### THE DATA
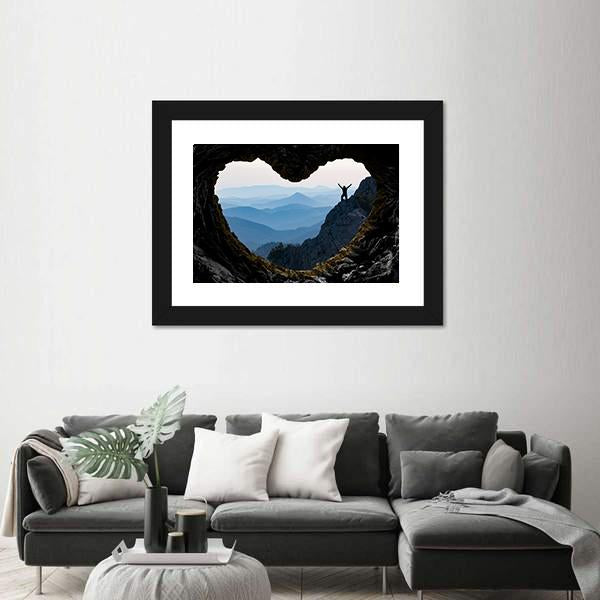 Successful Climb Happiness Canvas Wall Art-3 Horizontal-Gallery Wrap-25" x 16"-Tiaracle
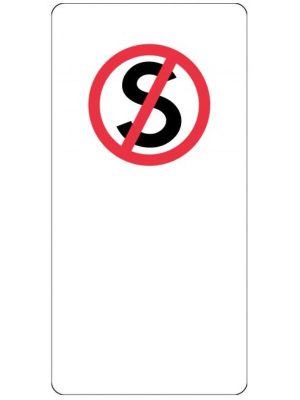 No Standing Any Time Sign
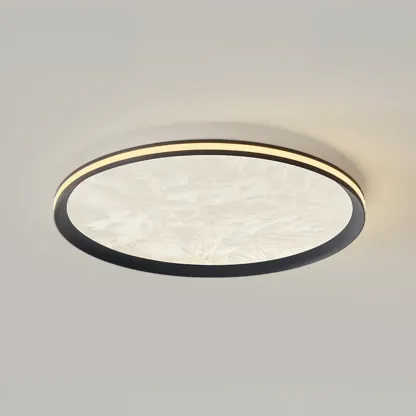 Modern Circular Flush Mount Ceiling Light with Acrylic Shade  Image - 5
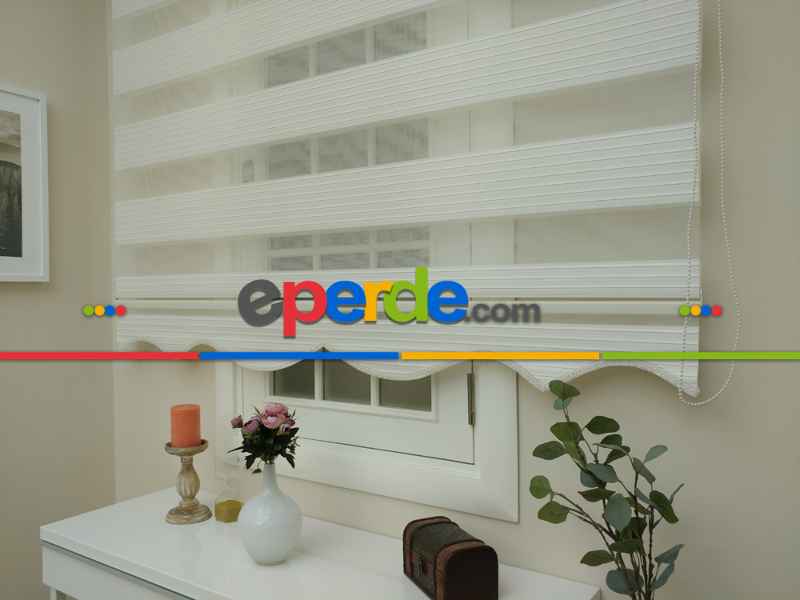 Mutfak - Zebra Perde - Geniş Pileli Zebra Zebra ( Geniş Pileli Zebra)- Krem Açık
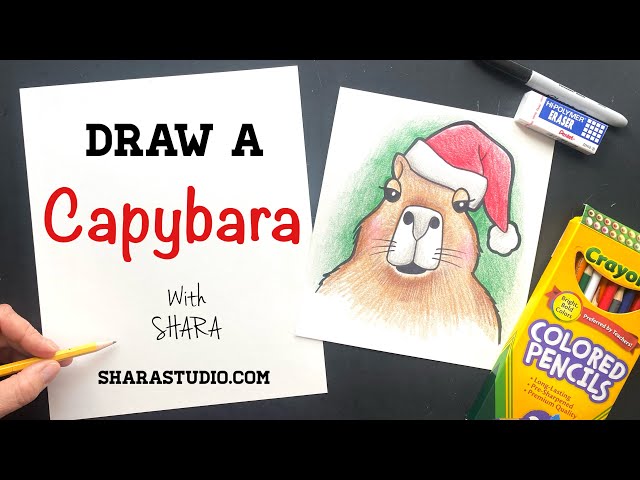 How to Draw a Capybara: A Step-by-Step Guide by Easydrawforkids - Make  better art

### TASK DIRECTIONS
Could you copy each line above exactly as written, minus any pictures?

### REPLY
 Successful Climb Happiness Canvas Wall Art-3 Horizontal-Gallery Wrap-25" x 16"-Tiaracle
 No Standing Any Time Sign
 Modern Circular Flush Mount Ceiling Light with Acrylic Shade  Image - 5
 Mutfak - Zebra Perde - Geniş Pileli Zebra Zebra ( Geniş Pileli Zebra)- Krem Açık
 How to Draw a Capybara: A Step-by-Step Guide by Easydrawforkids - Make  better art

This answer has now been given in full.